-------- Exercise material --------

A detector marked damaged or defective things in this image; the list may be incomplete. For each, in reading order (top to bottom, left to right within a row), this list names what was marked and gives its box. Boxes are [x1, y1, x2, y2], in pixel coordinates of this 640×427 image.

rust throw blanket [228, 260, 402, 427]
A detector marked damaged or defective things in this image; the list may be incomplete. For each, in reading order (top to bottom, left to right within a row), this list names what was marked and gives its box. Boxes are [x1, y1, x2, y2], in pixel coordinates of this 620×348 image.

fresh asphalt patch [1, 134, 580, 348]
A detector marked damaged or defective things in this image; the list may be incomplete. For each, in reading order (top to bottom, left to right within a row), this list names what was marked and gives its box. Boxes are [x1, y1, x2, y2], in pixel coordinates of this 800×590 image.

--------
-------- Exercise material --------

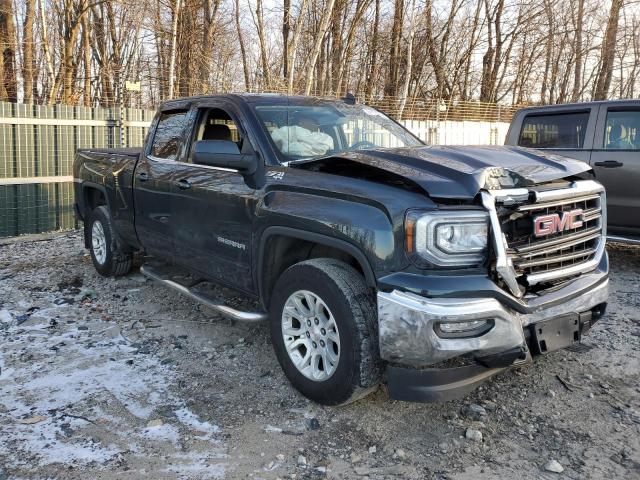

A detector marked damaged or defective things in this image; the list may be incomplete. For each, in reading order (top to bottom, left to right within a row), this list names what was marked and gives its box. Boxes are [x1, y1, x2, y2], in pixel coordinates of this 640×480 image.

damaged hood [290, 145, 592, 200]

--------

◆ Aim of the exercise
Would you please write out, exactly and with no other lines, the stretch of the listing above from the line containing "this 620×348 image." through the line containing "this 800×590 image."?

◆ Result of the exercise
A detector marked damaged or defective things in this image; the list may be incomplete. For each, in reading order (top to bottom, left to right within a row), this list names what was marked and gives its box. Boxes are [x1, y1, x2, y2], in pixel coordinates of this 620×348 image.

fresh asphalt patch [1, 134, 580, 348]
A detector marked damaged or defective things in this image; the list may be incomplete. For each, in reading order (top to bottom, left to right within a row), this list names what was marked and gives its box. Boxes are [x1, y1, x2, y2], in pixel coordinates of this 800×590 image.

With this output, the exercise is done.